Em Um copo de cólera, menos louvado do que Lavoura arcaica, porém capaz de gerar igual comoção, descortinam-se as entranhas de um relacionamento entre um homem e uma mulher – sem pudor algum, como se a linguagem fosse livre, aguda e fértil: “…e repassei na cabeça esse outro lance trivial do nosso jogo, preâmbulo contudo de insuspeitadas tramas posteriores, e tão necessário como fazer avançar de começo um simples peão sobre o tabuleiro, e em que eu, fechando minha mão na sua, arrumava-lhe os dedos, imprimindo-lhes coragem, conduzindo-os sob meu comando aos cabelos do meu peito, até que eles, a exemplo dos meus próprios dedos debaixo do lençol, desenvolvessem por si sós uma primorosa atividade clandestina, ou então, em etapa adiantada, depois de criteriosamente vasculhados nossos pelos, caroços e tantos cheiros, quando os dois de joelhos medíamos o caminho mais prolongado de um único beijo, nossas mãos em palma se colando, os braços se abrindo num exercício quase cristão, nossos dentes mordendo ao outro a boca como se mordessem a carne macia do coração”.
Irma Chaves é psicanalista e professora potiguar há muito radicada em Pernambuco, onde lecionou durante décadas no curso de Letras da UFPE. Já havia estudado Teoria da Literatura em Madri e Lisboa e dissecado a obra do poeta pernambucano Carlos Pena Filho (1929-1960), no mestrado na PUC/RJ, quando se deparou com Um copo de cólera. “A primeira vez que li, no final da década de 1970, foi a partir de um comentário em um jornal no Rio de Janeiro. Foi um impacto. Fiquei meio perdida, pois era uma coisa inteiramente nova. Na ocasião, era uma forma diferente de narrativa, que perdia às vezes quanto aos protagonistas, que por sua vez não tinham perfil definido. Essa linguagem nova me atraiu de imediato. Continuo gostando muito”, comenta à Continente. Anos depois, já tendo lido Lavoura arcaica, ela se confrontou com críticas que reclamavam da falta de estruturação dos personagens na obra do escritor. “Mas é do estilo dele buscar um outro tipo de aproximação com os personagens a partir da linguagem. É a palavra, a linguagem e a força da literatura que nos possibilitam, nesses livros, escutar e ler coisas diferentes, que de uma certa forma nos desafiam”, pondera Irma.

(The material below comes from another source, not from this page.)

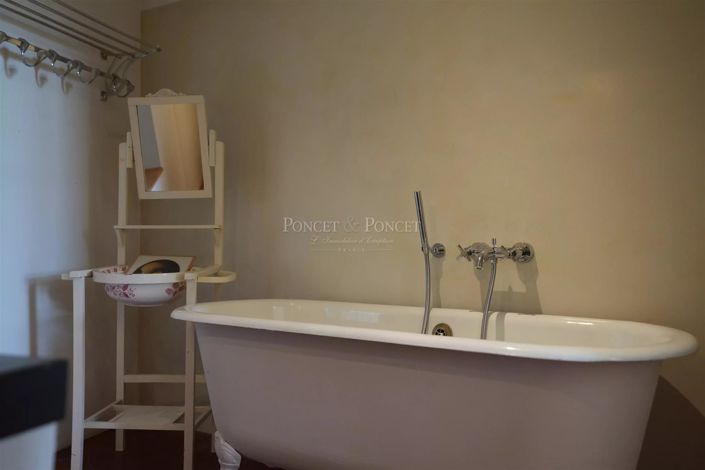 Image No.20-6 Bed House for sale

Em fevereiro deste ano, A cup of rage, primeira tradução inglesa para Um copo de cólera, foi publicada na Inglaterra e nos Estados Unidos (em janeiro de 2017, chegará às livrarias Ancient tillage, versão de Lavoura arcaica que a tradutora Karen Sherwood Sotelino esperou anos para ver nas prateleiras). Em maio, Raduan Nassar foi anunciado como vencedor do Prêmio Camões, que desde 1989 reconhece a literatura em língua portuguesa. Talvez essa láurea tenha impulsionado a Companhia das Letras a promover a reedição, pois o júri da premiação, concedida em conjunto pelos governos do Brasil e de Portugal, ressaltou a “a extraordinária qualidade da sua linguagem e da força poética da sua prosa”. Aos 81 anos, recluso e avesso a quaisquer rituais de fama, o escritor teria exclamado, ao saber do Camões e dos 100 mil euros acoplados ao prêmio: “Mas minha obra é um livro e meio!”.

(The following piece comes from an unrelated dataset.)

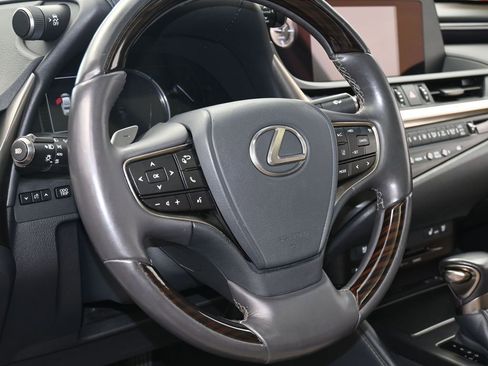 Used 2019 Lexus ES 350 w/ Premium Package image 15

Lavoura arcaica (decerto o livro desse “livro e meio”) é uma ode ao tempo: “o tempo e suas águas inflamáveis, esse rio largo que não cansa de correr, lento e sinuoso, ele próprio conhecendo seus caminhos, recolhendo e filtrando de vária direção o caldo turvo dos afluentes e o sangue ruivo de outros canais para com eles construir a razão mística da história”. É, também, uma reflexão profunda sobre a mítica impossibilidade de se contestá-lo. Nas últimas quatro décadas, nem o próprio Raduan conseguiu conter o fluxo expansivo e a contínua celebração da sua obra literária, que segue fecunda e gigante. Em 2016, não cabe, como ele mesmo fraseou, “menos ainda a cada um correr contra a corrente, ai daquele, dizia o pai, que tenta deter com as mãos seu movimento”.